-------- Records supplied --------
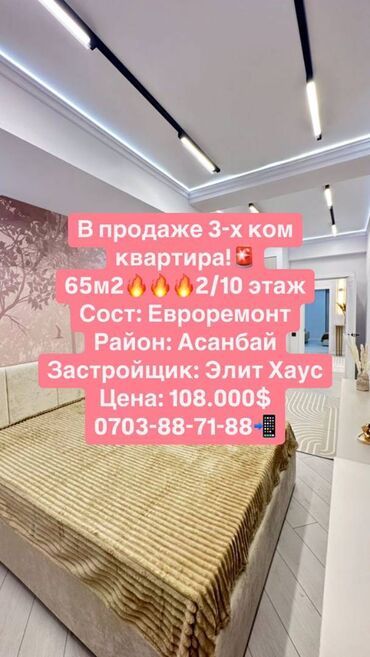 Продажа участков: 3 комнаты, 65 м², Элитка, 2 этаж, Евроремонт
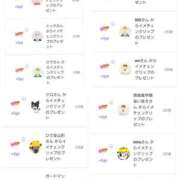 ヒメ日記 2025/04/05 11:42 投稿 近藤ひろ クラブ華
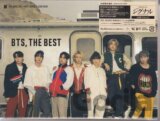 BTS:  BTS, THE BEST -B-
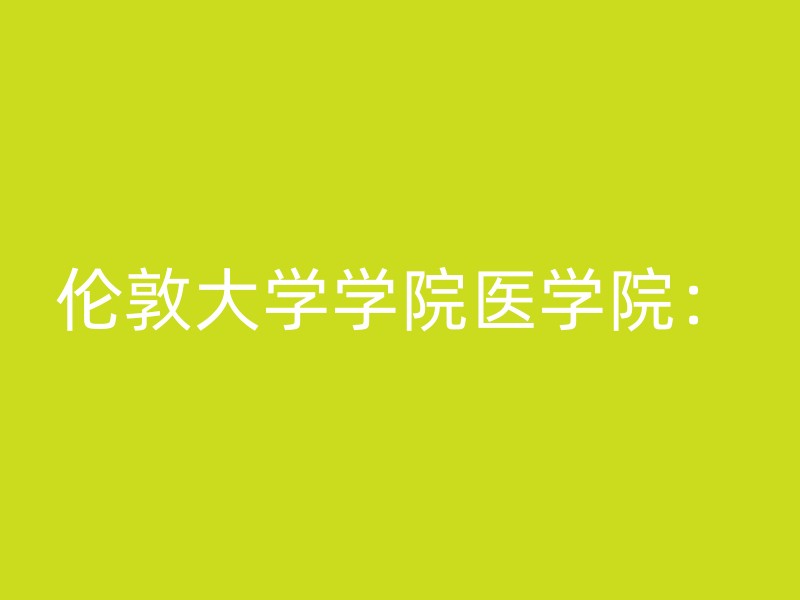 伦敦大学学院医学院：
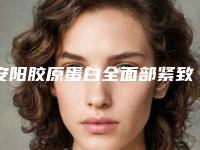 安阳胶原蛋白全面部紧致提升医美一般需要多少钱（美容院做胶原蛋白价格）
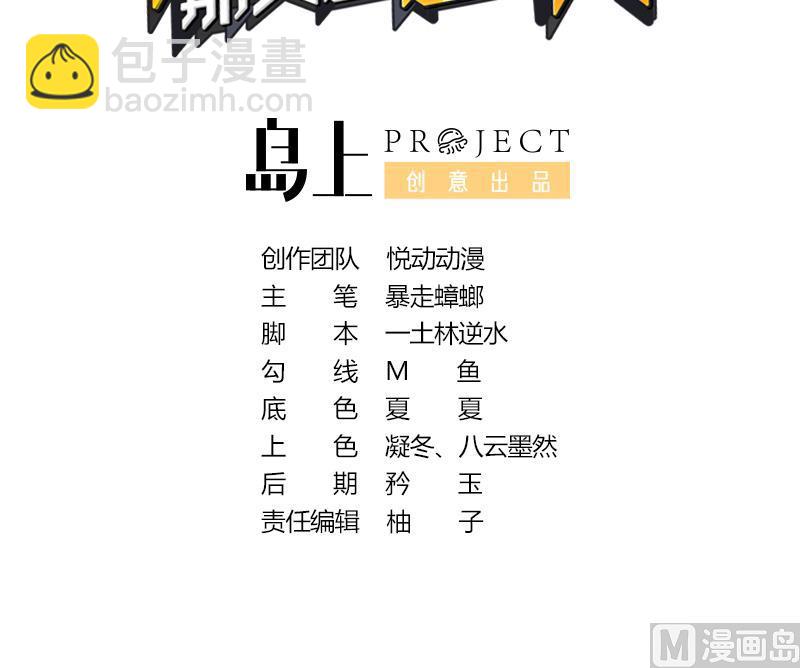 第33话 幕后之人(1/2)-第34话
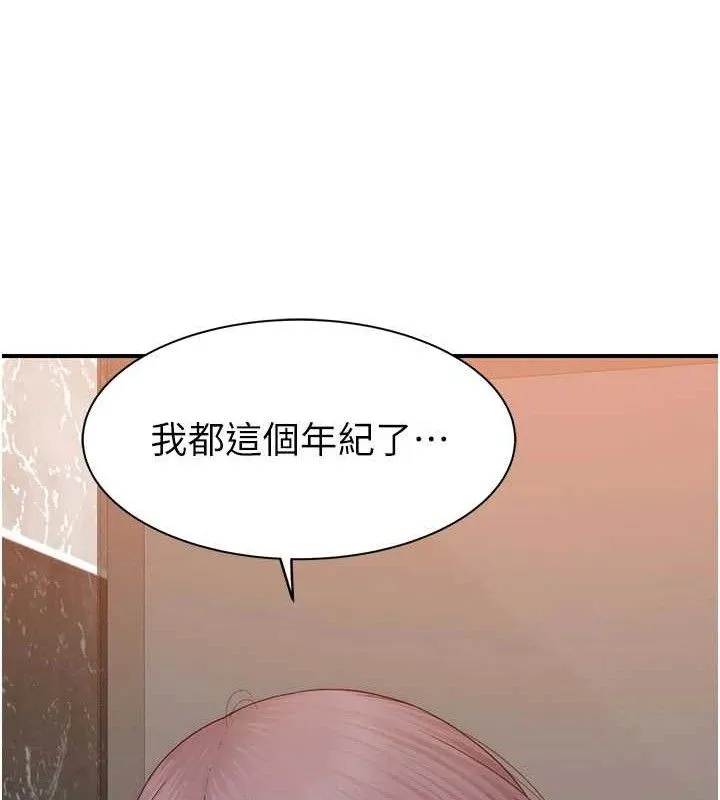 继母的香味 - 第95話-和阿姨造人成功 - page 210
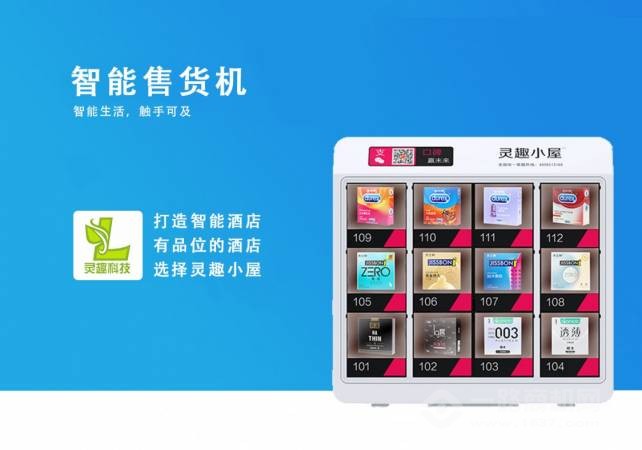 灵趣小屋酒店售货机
--------
- **What is being asked**
Hand back all the entries exactly, leaving out the pictures.

- **Task response**
 Продажа участков: 3 комнаты, 65 м², Элитка, 2 этаж, Евроремонт
 ヒメ日記 2025/04/05 11:42 投稿 近藤ひろ クラブ華
 BTS:  BTS, THE BEST -B-
 伦敦大学学院医学院：
 安阳胶原蛋白全面部紧致提升医美一般需要多少钱（美容院做胶原蛋白价格）
 第33话 幕后之人(1/2)-第34话
 继母的香味 - 第95話-和阿姨造人成功 - page 210
 灵趣小屋酒店售货机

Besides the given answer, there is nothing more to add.